• **TASK BRIEF**:
Nothing but the pictures should go missing; return all the entries below exactly.

• **INPUT DATA**:
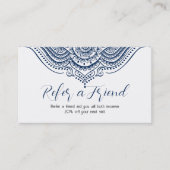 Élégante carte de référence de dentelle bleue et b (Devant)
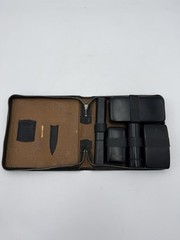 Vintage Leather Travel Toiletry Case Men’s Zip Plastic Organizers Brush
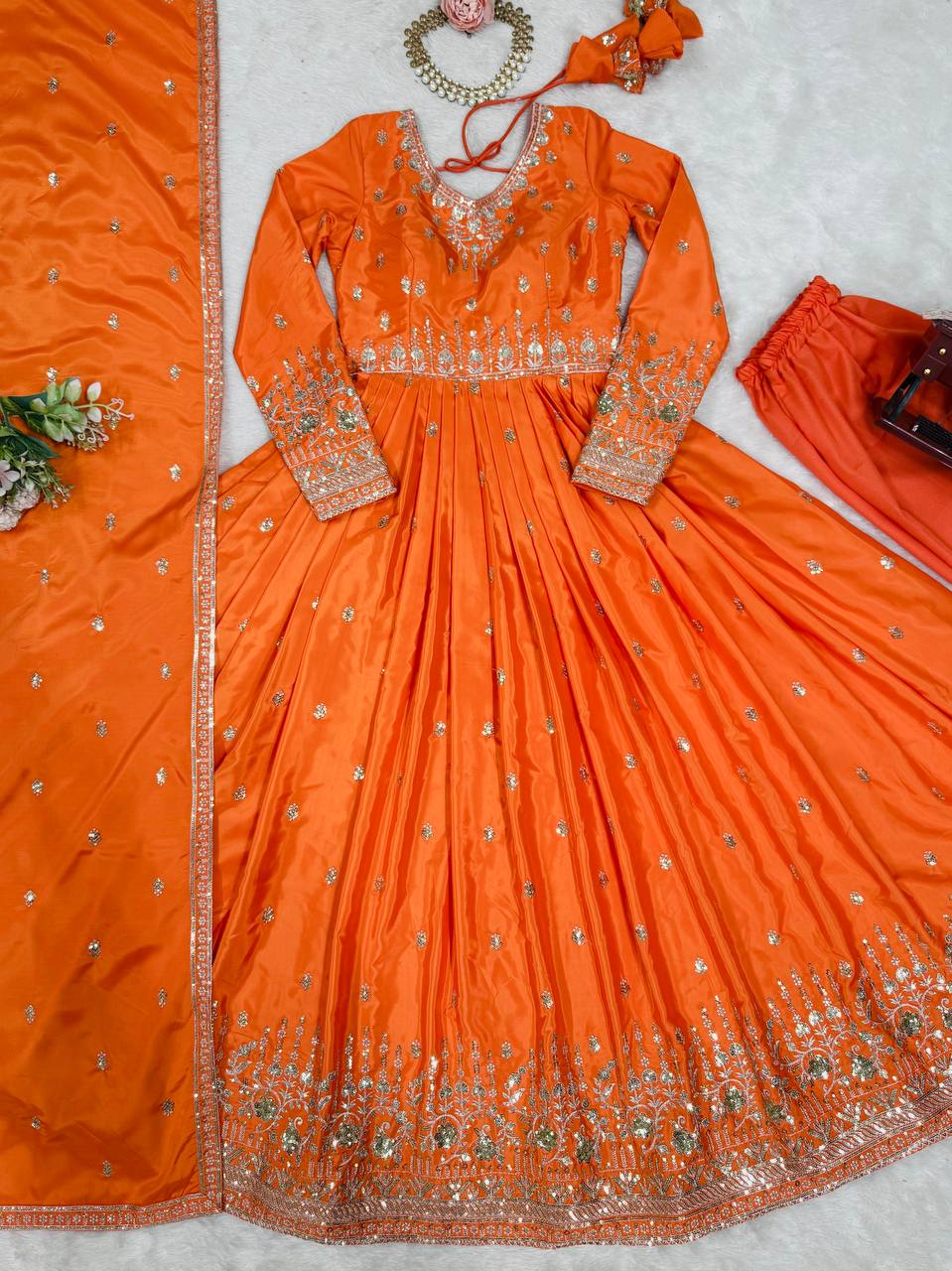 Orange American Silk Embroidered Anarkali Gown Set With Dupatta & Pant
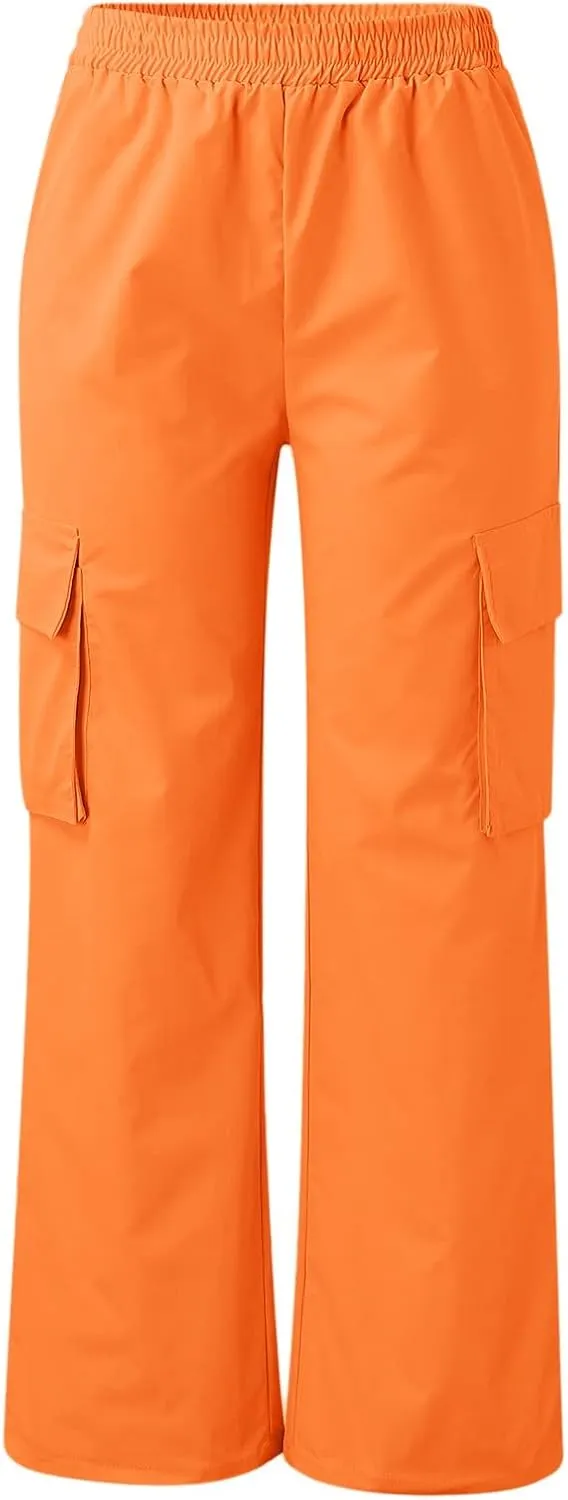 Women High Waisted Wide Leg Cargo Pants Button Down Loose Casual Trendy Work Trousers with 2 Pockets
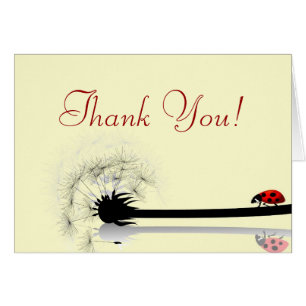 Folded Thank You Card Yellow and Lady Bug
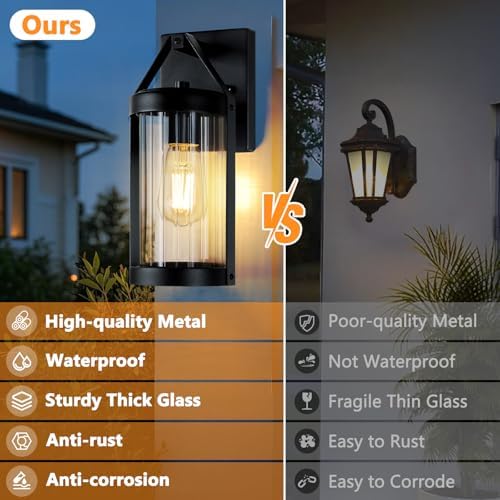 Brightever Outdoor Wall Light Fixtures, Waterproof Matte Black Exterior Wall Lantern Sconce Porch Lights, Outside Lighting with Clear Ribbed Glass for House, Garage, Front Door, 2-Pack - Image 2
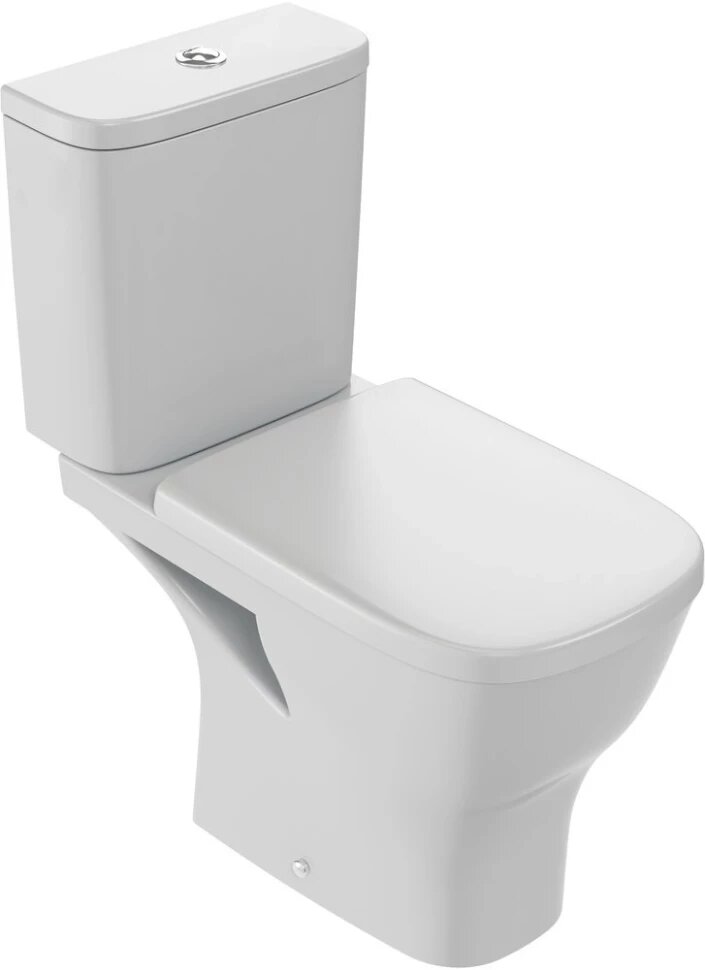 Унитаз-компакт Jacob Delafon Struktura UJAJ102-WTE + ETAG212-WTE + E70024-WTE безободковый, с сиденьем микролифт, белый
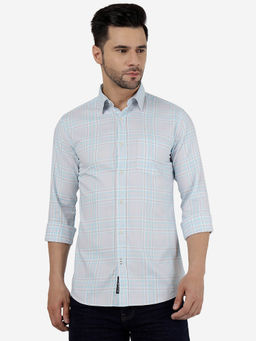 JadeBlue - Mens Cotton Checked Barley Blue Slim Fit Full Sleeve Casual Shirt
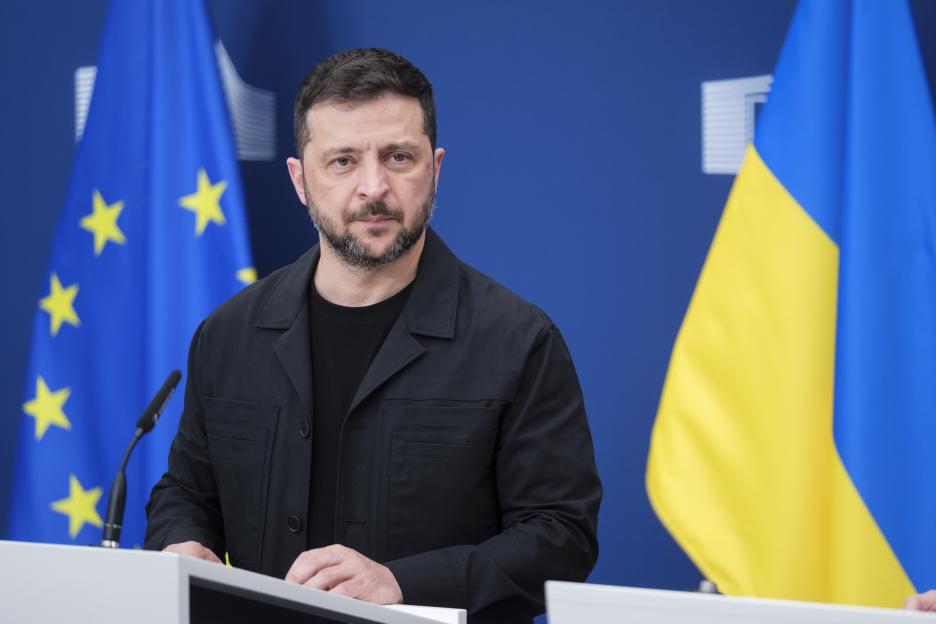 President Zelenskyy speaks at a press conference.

• **EXERCISE RESPONSE**:
 Élégante carte de référence de dentelle bleue et b (Devant)
 Vintage Leather Travel Toiletry Case Men’s Zip Plastic Organizers Brush
 Orange American Silk Embroidered Anarkali Gown Set With Dupatta & Pant
 Women High Waisted Wide Leg Cargo Pants Button Down Loose Casual Trendy Work Trousers with 2 Pockets
 Folded Thank You Card Yellow and Lady Bug
 Brightever Outdoor Wall Light Fixtures, Waterproof Matte Black Exterior Wall Lantern Sconce Porch Lights, Outside Lighting with Clear Ribbed Glass for House, Garage, Front Door, 2-Pack - Image 2
 Унитаз-компакт Jacob Delafon Struktura UJAJ102-WTE + ETAG212-WTE + E70024-WTE безободковый, с сиденьем микролифт, белый
 JadeBlue - Mens Cotton Checked Barley Blue Slim Fit Full Sleeve Casual Shirt
 President Zelenskyy speaks at a press conference.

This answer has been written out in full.